= Beginning of Section =

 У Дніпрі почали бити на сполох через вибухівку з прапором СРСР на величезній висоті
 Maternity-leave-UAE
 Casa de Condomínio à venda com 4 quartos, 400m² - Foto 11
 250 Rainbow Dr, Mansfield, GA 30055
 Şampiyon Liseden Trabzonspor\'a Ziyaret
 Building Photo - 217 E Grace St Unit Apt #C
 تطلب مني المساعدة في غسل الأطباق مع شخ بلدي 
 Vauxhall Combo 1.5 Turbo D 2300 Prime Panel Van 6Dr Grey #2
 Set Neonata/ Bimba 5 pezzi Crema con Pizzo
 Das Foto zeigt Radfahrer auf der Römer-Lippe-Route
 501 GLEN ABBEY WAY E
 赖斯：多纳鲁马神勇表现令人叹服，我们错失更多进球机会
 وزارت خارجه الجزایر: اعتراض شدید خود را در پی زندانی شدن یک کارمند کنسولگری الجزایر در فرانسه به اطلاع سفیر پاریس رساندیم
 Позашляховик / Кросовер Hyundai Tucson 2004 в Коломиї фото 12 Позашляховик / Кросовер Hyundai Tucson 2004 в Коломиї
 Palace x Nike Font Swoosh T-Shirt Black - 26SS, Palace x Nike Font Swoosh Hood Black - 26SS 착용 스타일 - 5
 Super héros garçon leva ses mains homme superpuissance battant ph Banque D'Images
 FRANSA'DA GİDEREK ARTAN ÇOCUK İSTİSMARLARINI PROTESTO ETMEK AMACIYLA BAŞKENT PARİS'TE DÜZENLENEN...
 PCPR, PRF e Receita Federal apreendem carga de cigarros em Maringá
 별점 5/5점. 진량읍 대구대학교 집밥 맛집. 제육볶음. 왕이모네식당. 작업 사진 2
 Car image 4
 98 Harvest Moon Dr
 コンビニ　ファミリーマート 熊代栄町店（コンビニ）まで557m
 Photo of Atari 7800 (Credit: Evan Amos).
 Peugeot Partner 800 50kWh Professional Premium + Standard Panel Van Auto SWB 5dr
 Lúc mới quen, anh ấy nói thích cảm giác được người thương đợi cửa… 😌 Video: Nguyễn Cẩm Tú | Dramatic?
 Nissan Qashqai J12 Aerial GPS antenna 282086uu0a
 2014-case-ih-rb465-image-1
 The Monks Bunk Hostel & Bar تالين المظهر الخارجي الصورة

= End of Section =

Reproduce each line of the data without any change.

 У Дніпрі почали бити на сполох через вибухівку з прапором СРСР на величезній висоті
 Maternity-leave-UAE
 Casa de Condomínio à venda com 4 quartos, 400m² - Foto 11
 250 Rainbow Dr, Mansfield, GA 30055
 Şampiyon Liseden Trabzonspor\'a Ziyaret
 Building Photo - 217 E Grace St Unit Apt #C
 تطلب مني المساعدة في غسل الأطباق مع شخ بلدي 
 Vauxhall Combo 1.5 Turbo D 2300 Prime Panel Van 6Dr Grey #2
 Set Neonata/ Bimba 5 pezzi Crema con Pizzo
 Das Foto zeigt Radfahrer auf der Römer-Lippe-Route
 501 GLEN ABBEY WAY E
 赖斯：多纳鲁马神勇表现令人叹服，我们错失更多进球机会
 وزارت خارجه الجزایر: اعتراض شدید خود را در پی زندانی شدن یک کارمند کنسولگری الجزایر در فرانسه به اطلاع سفیر پاریس رساندیم
 Позашляховик / Кросовер Hyundai Tucson 2004 в Коломиї фото 12 Позашляховик / Кросовер Hyundai Tucson 2004 в Коломиї
 Palace x Nike Font Swoosh T-Shirt Black - 26SS, Palace x Nike Font Swoosh Hood Black - 26SS 착용 스타일 - 5
 Super héros garçon leva ses mains homme superpuissance battant ph Banque D'Images
 FRANSA'DA GİDEREK ARTAN ÇOCUK İSTİSMARLARINI PROTESTO ETMEK AMACIYLA BAŞKENT PARİS'TE DÜZENLENEN...
 PCPR, PRF e Receita Federal apreendem carga de cigarros em Maringá
 별점 5/5점. 진량읍 대구대학교 집밥 맛집. 제육볶음. 왕이모네식당. 작업 사진 2
 Car image 4
 98 Harvest Moon Dr
 コンビニ　ファミリーマート 熊代栄町店（コンビニ）まで557m
 Photo of Atari 7800 (Credit: Evan Amos).
 Peugeot Partner 800 50kWh Professional Premium + Standard Panel Van Auto SWB 5dr
 Lúc mới quen, anh ấy nói thích cảm giác được người thương đợi cửa… 😌 Video: Nguyễn Cẩm Tú | Dramatic?
 Nissan Qashqai J12 Aerial GPS antenna 282086uu0a
 2014-case-ih-rb465-image-1
 The Monks Bunk Hostel & Bar تالين المظهر الخارجي الصورة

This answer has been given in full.